Este livro tem vários capítulos que contextualizam o faqueiro, e eu pedi ao António Filipe Pimentel para ele pensar uma espécie de biografia estética do rei. O texto dele, que, junto com outros autores que participam neste livro, é um dos grandes especialistas na produção artística do reinado de D. João V, o que faz é avaliar as escolhas estéticas do rei entre Paris e Roma, os dois principais centros de encomenda artística do rei.

No seu caso específico como historiador, além do seu papel de perito, a sua atividade tem muito que ver com o património artístico português, mas não se confina às fronteiras do Portugal de hoje. O seu estudo estende-se pela Ásia Portuguesa. Quer dar alguns exemplos do que tem estudado?

Sim, este livro centra-se na nossa ourivesaria do século XVIII, embora me tenha dedicado mais à ourivesaria portuguesa do século XVI, para o Museu do Tesouro Real; fui consultor científico desse projeto. Mas o meu trabalho, de forma mais geral, tem precisamente que ver com a arte produzida na Ásia para consumo português. Tenho trabalhado sobre a Índia, sobre os vários centros de produção de mobiliário, como na exposição que comissariei no Museu Nacional de Soares dos Reis em 2021, A Índia em Portugal, onde procurei mudar um pouco o paradigma no sentido em que foram os objetos que nos colonizaram, portanto, objetos feitos na Índia para o mercado português nos séculos XVI e XVII. Trabalhei também sobre os marfins religiosos do Ceilão português, e a arte religiosa cristã chinesa dos séculos XVI a XVIII, não apenas marfins, mas também pintura e escultura.

Foto: Paulo Spranger

Vamos focar na Índia, até pela excecionalidade que Goa tinha no Império Português, capital cristã do Oriente.

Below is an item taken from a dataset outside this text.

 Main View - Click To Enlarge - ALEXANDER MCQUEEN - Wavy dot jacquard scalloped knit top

Quando se fala na chamada arte indo-portuguesa, há algo que é fascinante, é que estamos a falar de objetos produzidos muitas vezes por artesãos hindus, mas que estão a responder a encomendas de católicos, tanto para consumo na Índia, como para consumo em Portugal e no resto mundo.

São oportunidades de negócio. Na Índia, quando os portugueses chegam, há uma certa tolerância quanto aos cultos locais. Mais tarde, com a entrada da Inquisição, isso muda. Temos a destruição, de forma concertada, dos templos hindus em Goa. Portanto, os artistas que trabalhavam para os templos tiveram de se adaptar às novas clientelas. E também a própria clientela teve de se adaptar. Há, por exemplo, uma série de leis contra a produção de objetos religiosos católicos por artistas hindus, que teriam de se converter. Mas o facto de termos várias leis, todas no mesmo sentido, de proibir, significa que essas leis não eram cumpridas.

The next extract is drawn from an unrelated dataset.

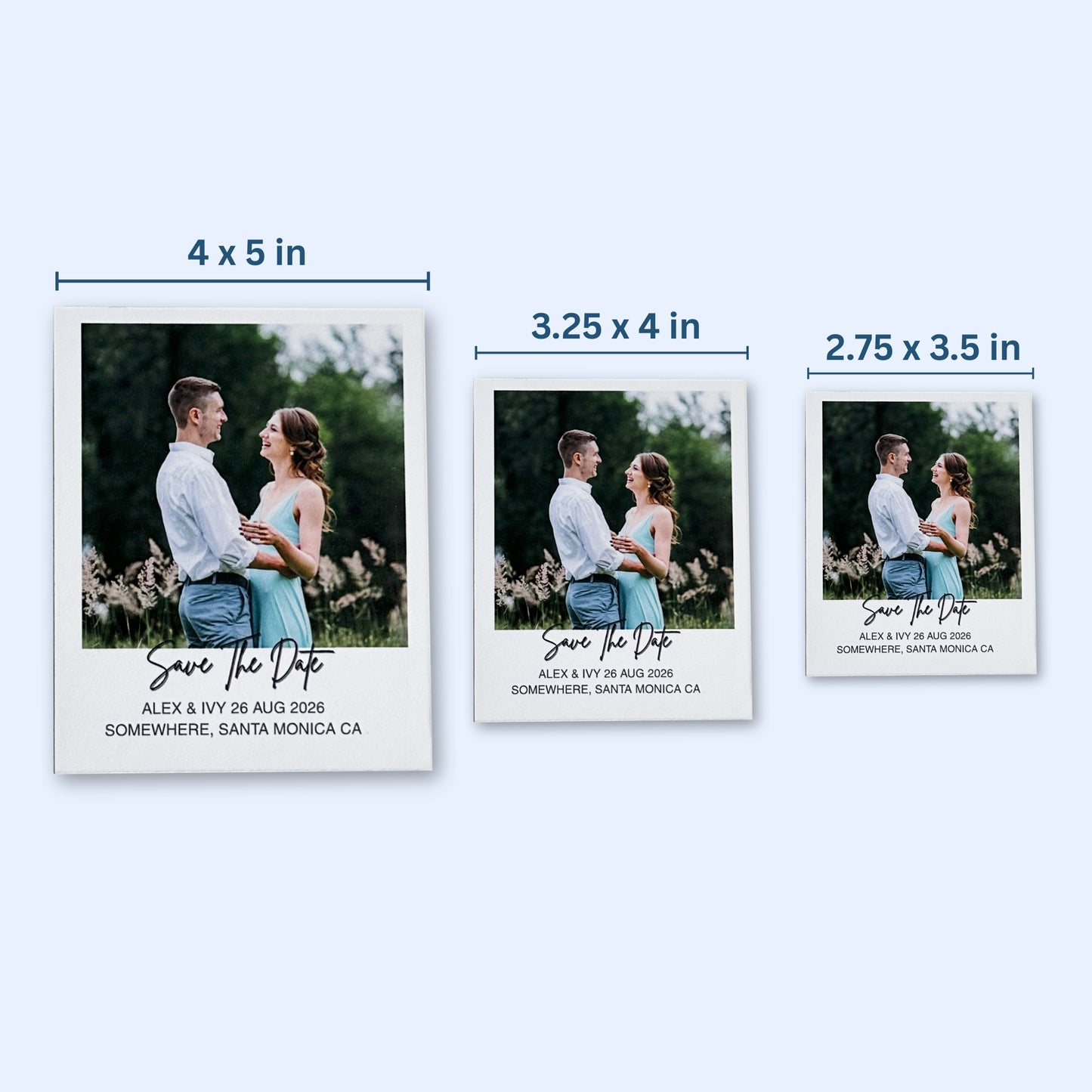 Three sizes of 'Save The Date' magnets with a couple in an outdoor setting.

É isso que explica que algumas peças dessa época, no fundo, possam ter figuras como o Menino Jesus com feições asiáticas. Talvez na China seja mais evidente. E também com elementos artísticos não automaticamente identificados como católicos. Isso acontece?

Sim, acontece. Não um sincretismo completo, mas obviamente que a plasticidade, a estética é muito local, goesa, produto de uma vernacularização das tradições artísticas do Concão e do Decão. E, portanto, os mesmos artistas produzem para clientelas diferentes, mas a estética é absolutamente a mesma. Em termos de feições, sim, claro que sim. Há umas feições mais asiáticas, mais marcadas na China, mas também em Goa.

Na época de D. João V, temos ainda o hábito de importar peças do Oriente?

Sim, com certeza. Isso existe mesmo hoje. Os mercados asiáticos produzem objetos que nos fascinam, sempre produziram, não só pelos materiais, como pelas técnicas e a iconografia. Basta pensar na porcelana, nos têxteis, tudo o que de alguma forma concorre com aquilo que era produzido na Europa. Mas em Portugal esse fascínio pelo Oriente traduz-se numa familiaridade que resulta de uma proximidade histórica que é bastante diferente do que encontramos em Espanha, França ou Itália.